Was ist, wenn man niemanden findet, um das Spendenziel zu erreichen?

Das ist kein Problem. Einige Freiwillige erhalten weniger Spenden, andere mehr. Insgesamt gleicht sich das bei Eirene aus, so dass niemand aus finanziellen Gründen vom Dienst ausgeschlossen werden muss.

Wie wurdest du danach weiter auf deinen Einsatz vorbereitet?

Für die USA brauchte ich ein Visum. Um dieses musste ich mich in der Botschaft in Frankfurt bewerben und von den Kosten 100 Euro selbst tragen; den Rest hat Eirene übernommen. Im Mai gab es ein Vorbereitungswochenende und im Juli einen zweiwöchigen Kurs für alle Freiwilligen, die in dem Zeitraum Juli/August im globalen Norden einen Freiwilligendienst begonnen haben, das heißt in Europa, Kanada und den USA. Dort wurden zum Beispiel kulturelle und persönliche Themen besprochen.

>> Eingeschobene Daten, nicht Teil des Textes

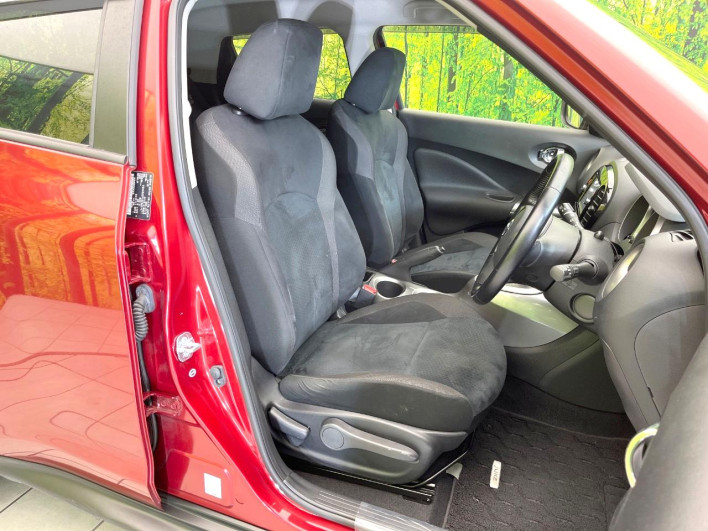 2015 Nissan JUKE DBA-YF15 (UW-6a36058ee53ae)[12]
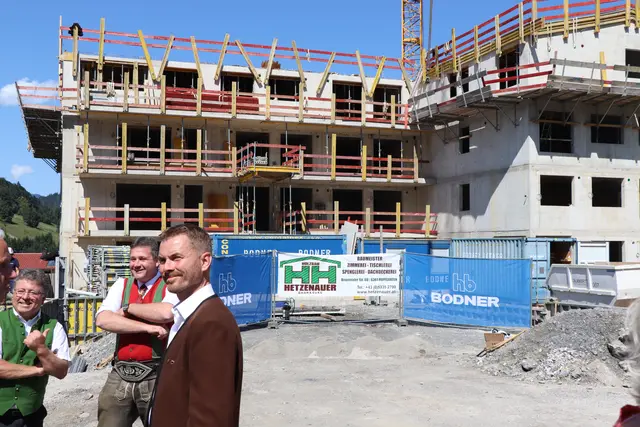 Foto: Christiane Nimpf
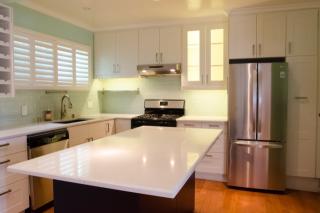949 San Bruno Ave, San Francisco CA  94110-2818 exterior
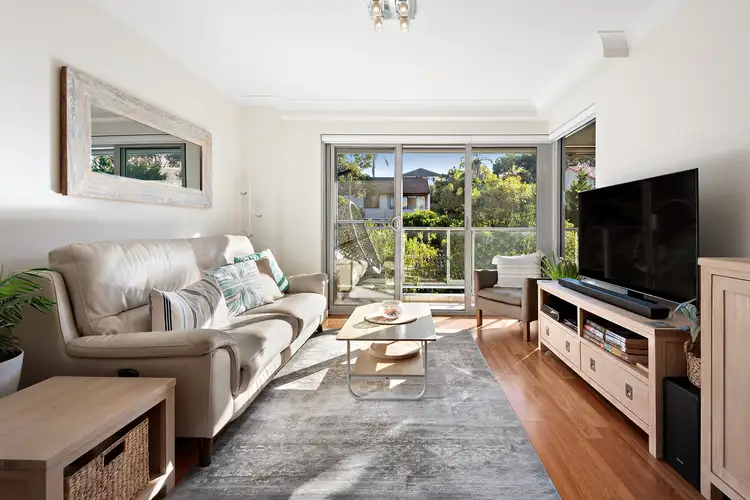 10/1283-1287 Pittwater Road, Narrabeen NSW 2101
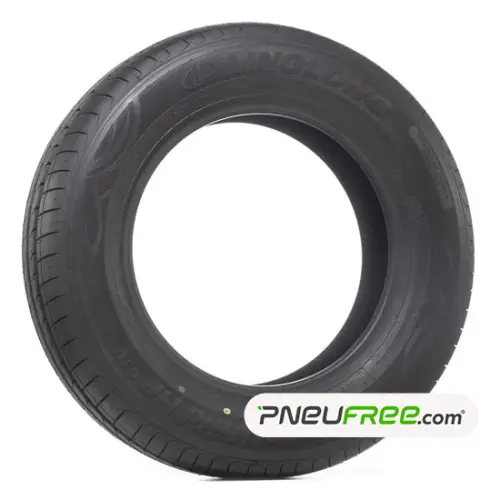 175/70R14 Linglong CROSSWIND HP010 88T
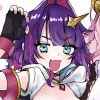 masugu.tsurugi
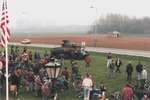 1995 - QF0184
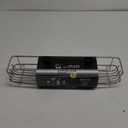 Zenna Home Stainless Steel 30 lbs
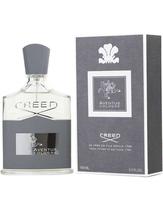 Perfume Creed Aventus Cologne Mas 100ML - Cod Int: 82126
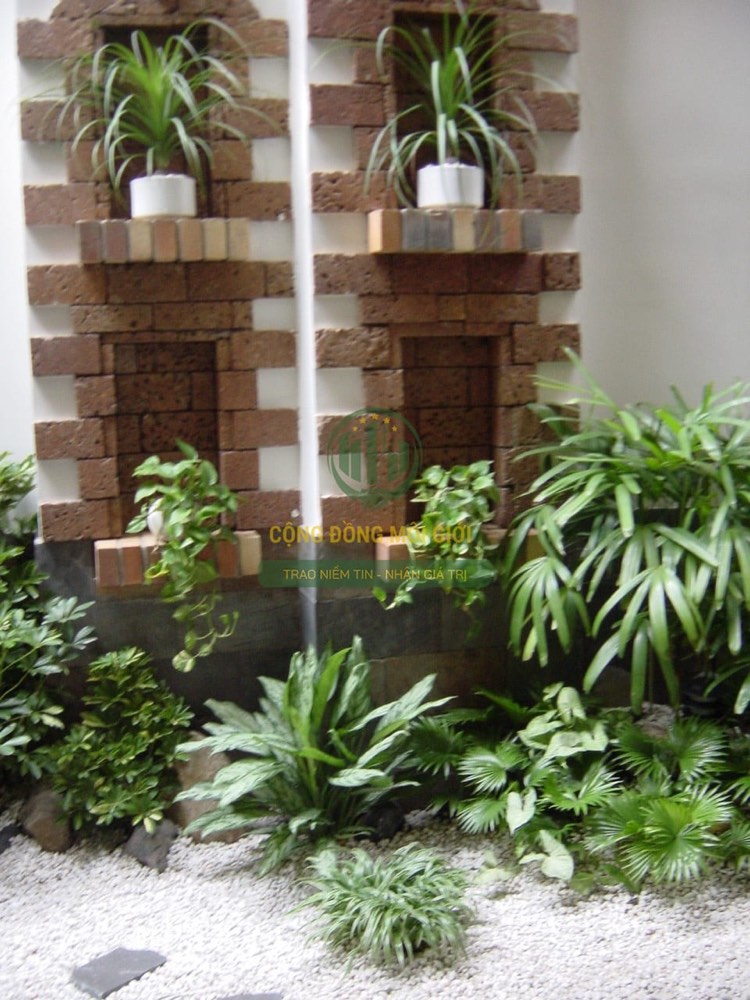 Bán nhà hẻm 284 Nguyễn Trọng Tuyển, Phú Nhuận - ảnh 5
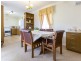 Unit 4/68 Whitehead Grove, Rosebud West VIC 3940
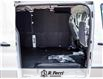 2025 Ford Transit-150 Cargo Base (Stk: S0815) in Woodbridge - Image 12 of 22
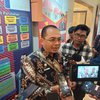 Pemprov Jatim Perketat Pengawasan Ormas, Antisipasi Premanisme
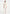 regular-fit-tailored-trousers-cream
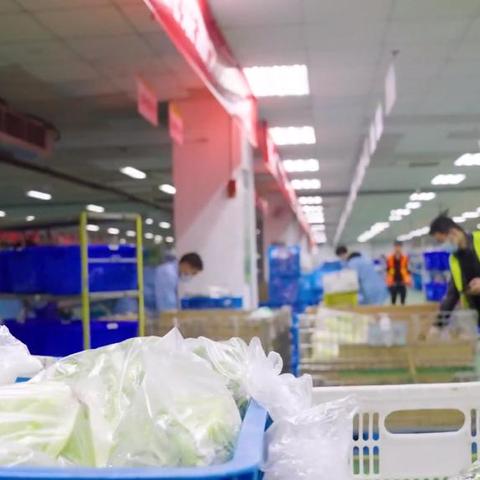 无锡市水果生鲜超市在哪里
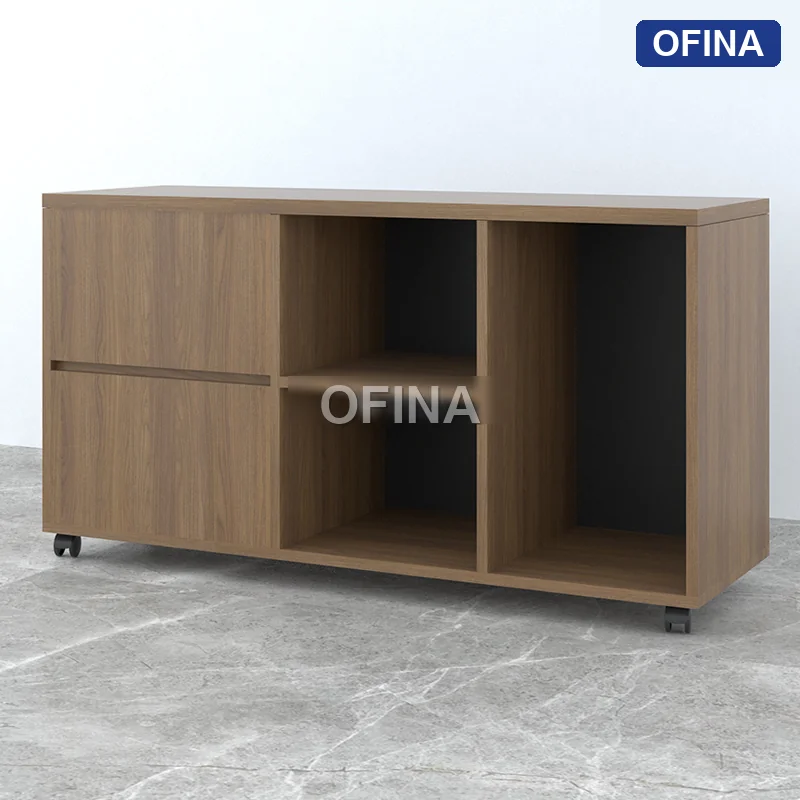 Tủ phụ di động TP02-DV thumbnail 3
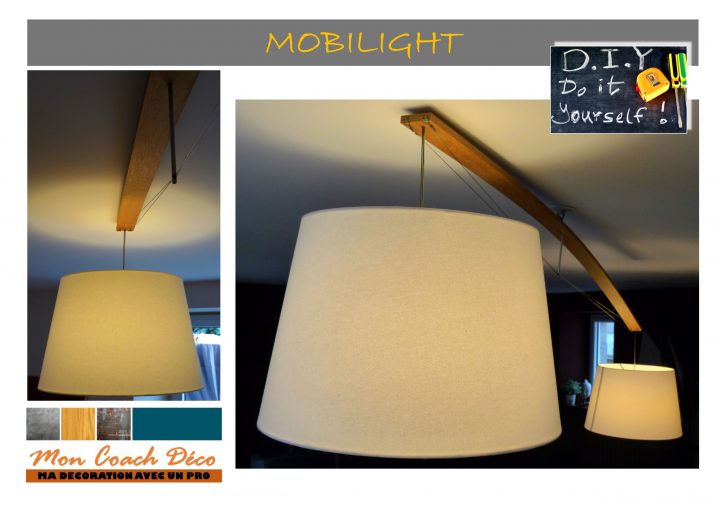 Mon Coach Deco – Généré WordPress à Mon Coach Deco Mon Coach Deco – Généré WordPress à Mon Coach Deco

Welche Kosten kommen auf jemanden zu, der so etwas anstrebt?

Bei Eirene wird eigentlich für alles gesorgt. Ich musste nur den Teilbetrag für das Visum selbst tragen, aber Versicherung, die Flüge, die Wohnung werden übernommen. Dazu gibt es eine Verpflegungspauschale und noch ein Taschengeld.

Eirene ist ja eine christliche Organisation. Musst du Christ sein, um solch ein freiwilliges Jahr absolvieren zu dürfen?

Nein, absolut nicht. Eirene ist offen für alle Religionen und Weltanschauungen.

Wie würdest du das Jahr für dich in drei Worte fassen?

Viele – neue – Erfahrungen! Natürlich kann nicht immer alles perfekt laufen, aber selbst, wenn irgendetwas nicht so gut ist, sind die Erfahrungen, die man macht, doch immer wertvoll!

Vielen Dank, lieber Nils, für deinen spannenden Bericht!